Re: [RFC v2-fix-v2 1/1] x86/boot: Avoid #VE during boot for TDX platforms
From: Sean Christopherson
Date: Fri May 21 2021 - 14:18:52 EST
On Fri, May 21, 2021, Dave Hansen wrote:
> > + /*
> > + * Preserve current value of EFER for comparison and to skip
> > + * EFER writes if no change was made (for TDX guest)
> > + */
> > + movl %eax, %edx
> > btsl $_EFER_SCE, %eax /* Enable System Call */
> > btl $20,%edi /* No Execute supported? */
> > jnc 1f
> > btsl $_EFER_NX, %eax
> > btsq $_PAGE_BIT_NX,early_pmd_flags(%rip)

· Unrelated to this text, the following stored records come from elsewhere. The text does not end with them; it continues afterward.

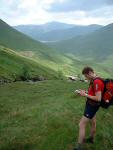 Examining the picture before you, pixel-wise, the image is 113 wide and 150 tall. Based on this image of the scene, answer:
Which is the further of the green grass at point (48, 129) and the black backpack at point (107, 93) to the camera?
the green grass at point (48, 129)

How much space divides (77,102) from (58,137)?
38.8 ft

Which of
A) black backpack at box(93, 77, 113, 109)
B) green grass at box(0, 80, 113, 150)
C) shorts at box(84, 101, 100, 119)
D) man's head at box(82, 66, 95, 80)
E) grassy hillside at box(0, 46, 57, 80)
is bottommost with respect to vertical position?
green grass at box(0, 80, 113, 150)

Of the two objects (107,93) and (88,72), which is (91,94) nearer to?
(107,93)

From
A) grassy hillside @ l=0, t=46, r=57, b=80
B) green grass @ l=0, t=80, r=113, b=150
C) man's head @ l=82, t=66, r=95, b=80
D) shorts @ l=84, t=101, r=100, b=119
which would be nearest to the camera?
man's head @ l=82, t=66, r=95, b=80

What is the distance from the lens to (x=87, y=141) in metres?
19.1

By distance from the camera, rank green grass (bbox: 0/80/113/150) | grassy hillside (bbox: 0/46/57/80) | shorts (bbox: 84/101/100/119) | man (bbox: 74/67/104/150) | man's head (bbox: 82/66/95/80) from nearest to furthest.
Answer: man (bbox: 74/67/104/150)
man's head (bbox: 82/66/95/80)
shorts (bbox: 84/101/100/119)
green grass (bbox: 0/80/113/150)
grassy hillside (bbox: 0/46/57/80)

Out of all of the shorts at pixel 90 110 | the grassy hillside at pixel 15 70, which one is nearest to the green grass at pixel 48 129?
the shorts at pixel 90 110

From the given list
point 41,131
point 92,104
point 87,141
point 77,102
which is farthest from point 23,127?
point 77,102

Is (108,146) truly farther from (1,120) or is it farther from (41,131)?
(1,120)

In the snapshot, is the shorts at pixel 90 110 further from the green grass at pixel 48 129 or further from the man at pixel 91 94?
the green grass at pixel 48 129

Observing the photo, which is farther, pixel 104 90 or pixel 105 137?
pixel 105 137

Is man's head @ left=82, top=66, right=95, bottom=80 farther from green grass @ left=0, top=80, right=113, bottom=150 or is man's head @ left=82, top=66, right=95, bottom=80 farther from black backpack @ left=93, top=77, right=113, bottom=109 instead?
green grass @ left=0, top=80, right=113, bottom=150

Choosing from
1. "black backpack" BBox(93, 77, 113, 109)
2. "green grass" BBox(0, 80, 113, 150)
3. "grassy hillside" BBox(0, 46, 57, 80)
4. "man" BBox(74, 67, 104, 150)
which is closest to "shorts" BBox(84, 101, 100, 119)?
"man" BBox(74, 67, 104, 150)

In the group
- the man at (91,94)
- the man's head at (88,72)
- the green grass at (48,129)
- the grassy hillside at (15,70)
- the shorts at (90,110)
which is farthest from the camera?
the grassy hillside at (15,70) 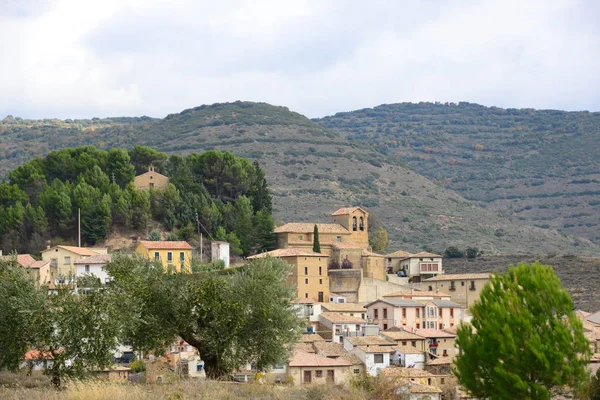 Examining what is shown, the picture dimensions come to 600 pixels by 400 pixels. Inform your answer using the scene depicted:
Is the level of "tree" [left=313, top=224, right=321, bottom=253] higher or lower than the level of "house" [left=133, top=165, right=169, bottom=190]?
lower

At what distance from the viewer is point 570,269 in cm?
9088

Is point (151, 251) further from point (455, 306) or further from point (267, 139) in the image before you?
point (267, 139)

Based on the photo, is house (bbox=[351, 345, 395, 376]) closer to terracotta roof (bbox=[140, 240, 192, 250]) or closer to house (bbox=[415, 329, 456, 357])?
house (bbox=[415, 329, 456, 357])

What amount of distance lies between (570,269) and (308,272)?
104ft

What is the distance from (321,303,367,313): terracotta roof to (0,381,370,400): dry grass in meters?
35.7

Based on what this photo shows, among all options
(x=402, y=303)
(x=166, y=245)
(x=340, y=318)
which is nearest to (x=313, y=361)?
(x=340, y=318)

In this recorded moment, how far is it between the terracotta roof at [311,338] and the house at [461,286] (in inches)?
701

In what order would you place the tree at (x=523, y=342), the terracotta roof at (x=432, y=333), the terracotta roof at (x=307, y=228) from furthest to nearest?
the terracotta roof at (x=307, y=228) < the terracotta roof at (x=432, y=333) < the tree at (x=523, y=342)

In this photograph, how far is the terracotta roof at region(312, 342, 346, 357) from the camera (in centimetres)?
5312

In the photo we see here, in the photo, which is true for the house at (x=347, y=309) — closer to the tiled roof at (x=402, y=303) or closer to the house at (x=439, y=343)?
the tiled roof at (x=402, y=303)

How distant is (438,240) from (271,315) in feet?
271

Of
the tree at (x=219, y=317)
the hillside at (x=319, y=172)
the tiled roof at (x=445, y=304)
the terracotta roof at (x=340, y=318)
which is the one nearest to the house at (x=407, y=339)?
the terracotta roof at (x=340, y=318)

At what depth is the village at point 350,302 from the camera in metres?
49.3

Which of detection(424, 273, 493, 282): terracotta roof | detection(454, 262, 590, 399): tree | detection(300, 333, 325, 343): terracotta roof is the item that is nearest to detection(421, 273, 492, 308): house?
detection(424, 273, 493, 282): terracotta roof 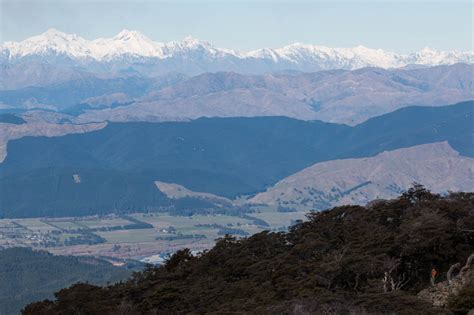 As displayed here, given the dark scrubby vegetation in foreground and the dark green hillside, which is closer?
the dark scrubby vegetation in foreground

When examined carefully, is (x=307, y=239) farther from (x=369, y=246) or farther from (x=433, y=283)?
(x=433, y=283)

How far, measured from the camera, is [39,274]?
16550cm

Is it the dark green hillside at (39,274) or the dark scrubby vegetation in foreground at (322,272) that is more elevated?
the dark scrubby vegetation in foreground at (322,272)

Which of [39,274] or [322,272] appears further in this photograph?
[39,274]

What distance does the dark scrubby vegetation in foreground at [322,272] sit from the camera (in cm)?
5297

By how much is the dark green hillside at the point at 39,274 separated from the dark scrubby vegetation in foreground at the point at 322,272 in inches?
2516

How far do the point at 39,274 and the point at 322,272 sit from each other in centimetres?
11267

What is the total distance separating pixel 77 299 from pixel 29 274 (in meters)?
103

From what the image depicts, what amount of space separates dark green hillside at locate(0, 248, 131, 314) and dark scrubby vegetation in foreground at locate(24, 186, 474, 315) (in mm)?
63914

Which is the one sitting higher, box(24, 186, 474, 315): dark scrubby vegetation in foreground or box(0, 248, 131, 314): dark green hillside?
box(24, 186, 474, 315): dark scrubby vegetation in foreground

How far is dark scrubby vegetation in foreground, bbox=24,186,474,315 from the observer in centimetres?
5297

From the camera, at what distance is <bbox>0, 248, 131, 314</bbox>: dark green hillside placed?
14375 cm

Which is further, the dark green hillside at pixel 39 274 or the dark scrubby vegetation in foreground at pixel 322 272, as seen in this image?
the dark green hillside at pixel 39 274

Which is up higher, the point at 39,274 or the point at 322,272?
the point at 322,272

> > -1: wrmsr /* Make changes effective */
> >
> > + /* Avoid writing EFER if no change was made (for TDX guest) */
> > +1: cmpl %edx, %eax
> > + je 1f
> > + xor %edx, %edx
> > + wrmsr /* Make changes effective */
> > +1:
>
> Just curious, but what if this goes wrong? Say the TDX firmware didn't
> set up EFER correctly and this code does the WRMSR.
By firmware, do you mean TDX-module, or guest firmware? EFER is read-only in a
TDX guest, i.e. the guest firmware can't change it either.
> What ends up happening? Do we get anything out on the console, or is it
> essentially undebuggable?
Assuming "firmware" means TDX-module, if TDX-Module botches EFER (and only EFER)
then odds are very, very good that the guest will never get to the kernel as it
will have died long before in guest BIOS.
If the bug is such that EFER is correct in hardware, but RDMSR returns the wrong
value (due to MSR interception), IIRC this will triple fault and so nothing will
get logged. But, the odds of that type of bug being hit in production are
practically zero because the EFER setup is very static, i.e. any such bug should
be hit during qualification of the VMM+TDX-Module.
In any case, even if a bug escapes, the shutdown is relatively easy to debug even
without logs because the failure will cleary point at the WRMSR (that info can be
had by running a debug TD or a debug TDX-Module). By TDX standards, debugging
shutdowns on a specific instruction is downright trivial :-).